Assumptions Flashcards
What are the assumptions of multiple regression?
Each subject is randomly sampled from the statistical population or at least the sample is representative of the population
Linearity - Increasing X variable be one unit (increases or decreases) the Y by the same amount at all values of X
No interaction among predictor variables - Increasing a X variable by one unit changes (increases or decreases) Y by a certain amount, regardless of the values of the other X variables
Independent observations - Knowing Y for any particular subject provides no information about Y in other subjects
Normal distribution - Distribution of the residuals must be Normal at least approximately
Homoscedasticity - The SD of Y values are always the same, regardless of the values of the X variables
What are the assumptions for testing hypotheses using linear regression?
Each subject (or XY pair) was randomly sampled from the population, or at least they are representative of the entire population
Each subject (or XY pair) was selected independently. Picking one subject from the population should not influence the chance of picking anyone else
The relationship between X and Y must be linear in the population
The equation defines a line that extends infinitely in both directions. No matter how high or low a value of X you propose, the equation can estimate (or predict) a Y-value
For each value of independent variable (X), the distribution of the values of the dependent variable (Y) must be normal
The variance of the distribution of the dependent variable (Y) must be the same at all values of X. In other words, E ha the same variance everywhere regardless of the value of X (=homoscedasticity)
What are the assumptions of the correlation coefficient?
Subjects are randomly selected from, or at least representative of the larger population
Paired samples (or bivariate data). Each subject (or experimental unit) must have both X and Y values
Independent observations. Sampling one member of the population should not influence your chances of sampling any other subject
X and Y values must be measured independently
X values were measured and not controlled
Normal distribution. The X and Y values must each be sampled from populations that follow a Normal distribution at least approximately
All covariation must be linear. The correlation coefficient only applies to linear relationships, and hence would not be meaningful if Y increase X increases up to a certain put then Y decreases as X increases
What are the assumptions for contingency GOF tests?
Samples were randomly collected, or at least representative of the populations
The data must form a contingency table (values must be actual numbers not %s)
The sample size must not be too small (if df = 1, do not use the chi-squared if total # of subjects is s test if paired)
What are the assumptions for a 1-way GOF test?
subjects are randomly selected from the population, or at least representative of the population
The sample data consist of frequency counts for the k different categories (ie. not converted to proportions or %)
Each observation must be independent
Probabilities remain constant and independent during the experiment
The sample size must not be too small
GENERAL RULE: multinomial 1-way GOF test - the sample size should be large enough that no expected frequency (E) is <5
What are the assumptions of a 2-way ANOVA test?
The variable has a normal distribution in all the populations
The variable has the same variance in all the populations
Subjects are randomly selected or at least representative of the population
Samples are obtained independently
Subjects within the samples are obtained independently
What are assumptions of 1-way ANOVA?
- The variable has a normal distribution in all the populations
- The variable has the same variance in all the populations (homoscedasticity)

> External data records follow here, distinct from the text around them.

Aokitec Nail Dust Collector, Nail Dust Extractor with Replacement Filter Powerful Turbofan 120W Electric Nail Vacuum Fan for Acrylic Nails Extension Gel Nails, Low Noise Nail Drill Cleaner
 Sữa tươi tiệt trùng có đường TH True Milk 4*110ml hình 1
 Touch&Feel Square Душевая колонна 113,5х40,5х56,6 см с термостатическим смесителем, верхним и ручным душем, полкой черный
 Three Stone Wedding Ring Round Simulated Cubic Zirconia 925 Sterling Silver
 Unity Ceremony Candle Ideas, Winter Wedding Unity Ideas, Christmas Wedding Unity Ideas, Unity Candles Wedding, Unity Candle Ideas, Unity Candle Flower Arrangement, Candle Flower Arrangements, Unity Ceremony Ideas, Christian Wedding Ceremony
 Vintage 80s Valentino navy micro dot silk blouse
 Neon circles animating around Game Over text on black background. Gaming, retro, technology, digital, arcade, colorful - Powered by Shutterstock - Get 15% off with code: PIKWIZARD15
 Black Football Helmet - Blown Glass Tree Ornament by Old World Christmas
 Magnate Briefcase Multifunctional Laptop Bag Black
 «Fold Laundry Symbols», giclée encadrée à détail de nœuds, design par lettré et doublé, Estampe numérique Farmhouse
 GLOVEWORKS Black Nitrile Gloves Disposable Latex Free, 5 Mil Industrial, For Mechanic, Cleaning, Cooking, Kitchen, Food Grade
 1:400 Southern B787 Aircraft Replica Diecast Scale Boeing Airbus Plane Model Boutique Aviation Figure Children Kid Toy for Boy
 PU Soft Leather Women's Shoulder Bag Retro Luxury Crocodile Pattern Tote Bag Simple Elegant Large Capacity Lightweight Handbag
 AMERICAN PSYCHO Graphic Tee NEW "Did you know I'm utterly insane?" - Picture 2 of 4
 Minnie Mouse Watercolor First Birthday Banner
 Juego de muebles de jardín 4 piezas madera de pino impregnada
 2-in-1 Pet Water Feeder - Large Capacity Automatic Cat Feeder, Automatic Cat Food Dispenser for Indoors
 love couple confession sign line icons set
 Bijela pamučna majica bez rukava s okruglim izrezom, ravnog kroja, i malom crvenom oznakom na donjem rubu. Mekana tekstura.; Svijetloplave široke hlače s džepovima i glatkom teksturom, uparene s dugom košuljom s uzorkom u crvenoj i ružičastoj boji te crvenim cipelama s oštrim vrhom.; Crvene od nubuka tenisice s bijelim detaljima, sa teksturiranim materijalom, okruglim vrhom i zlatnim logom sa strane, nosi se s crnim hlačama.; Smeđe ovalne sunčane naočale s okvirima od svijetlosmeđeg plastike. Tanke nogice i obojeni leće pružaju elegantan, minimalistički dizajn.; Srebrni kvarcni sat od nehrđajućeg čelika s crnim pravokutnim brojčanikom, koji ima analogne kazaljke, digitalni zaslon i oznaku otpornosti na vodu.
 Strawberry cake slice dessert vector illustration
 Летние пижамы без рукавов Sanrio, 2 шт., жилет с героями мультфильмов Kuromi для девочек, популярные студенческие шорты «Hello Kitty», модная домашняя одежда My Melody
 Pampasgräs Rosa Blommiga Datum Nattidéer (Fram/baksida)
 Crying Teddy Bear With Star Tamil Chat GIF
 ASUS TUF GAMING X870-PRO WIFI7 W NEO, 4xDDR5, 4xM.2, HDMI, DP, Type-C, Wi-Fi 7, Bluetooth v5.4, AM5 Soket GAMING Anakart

- Subjects in each sample are randomly selected from, or at least representative of, their larger statistical population
- The samples were obtained independently (ie. they are not paired)
- The subjects within each sample were obtained independently
- The different samples are from populations that are categorized in only one way
What are the assumptions of Paired t-Tests?
Subjects in the paired samples must be randomly selected from, or at least representative of, the larger (statistical) population
Samples must be paired or matched, based on the experimental design (decided before the data are collected)
Each pair must be selected independently of the others
The distribution of the differences between the two populations must approximate a Normal distribution
What are the assumptions of an unpaired t-Test?
Subjects in the samples are randomly selected, or at least representative of, the larger statistical population
The 2 samples were obtained independently
Subjects within each sample were obtained independently
Data are sampled from populations for which the variable approximates a normal distribution
For the pooled t-test only: The standard deviations (SD) of the 2 populations must be identical
What are the assumptions for Wilcoxon Signed-Ranks Test?
Pairs were randomly selected from, or at least representative of, the larger populations
Samples must be paired or matched based on experimental design before the data were collected
Each pair must be selected independently of the others
The population of differences (found from the pairs of data) has a distribution that is approximately symmetric
What are the assumptions of the Mann-Whitney U Test?
Subjects are randomly selected from, or at least representative of, the larger populations
The two samples were obtained independently
Subjects within each sample were obtained independently
The populations do not have to follow any particular distribution, but the 2 distributions must have the same shape
What assumptions must be true to interpret the CI of a population mean?
- The subjects in the sample are randomly selected from the population, or at least are representative of the population.
- The variable is distributed in the statistical population in a Normal manner, at least approximately.
- All subjects are from the same (single) population.
- Each subject has been selected independently of the others.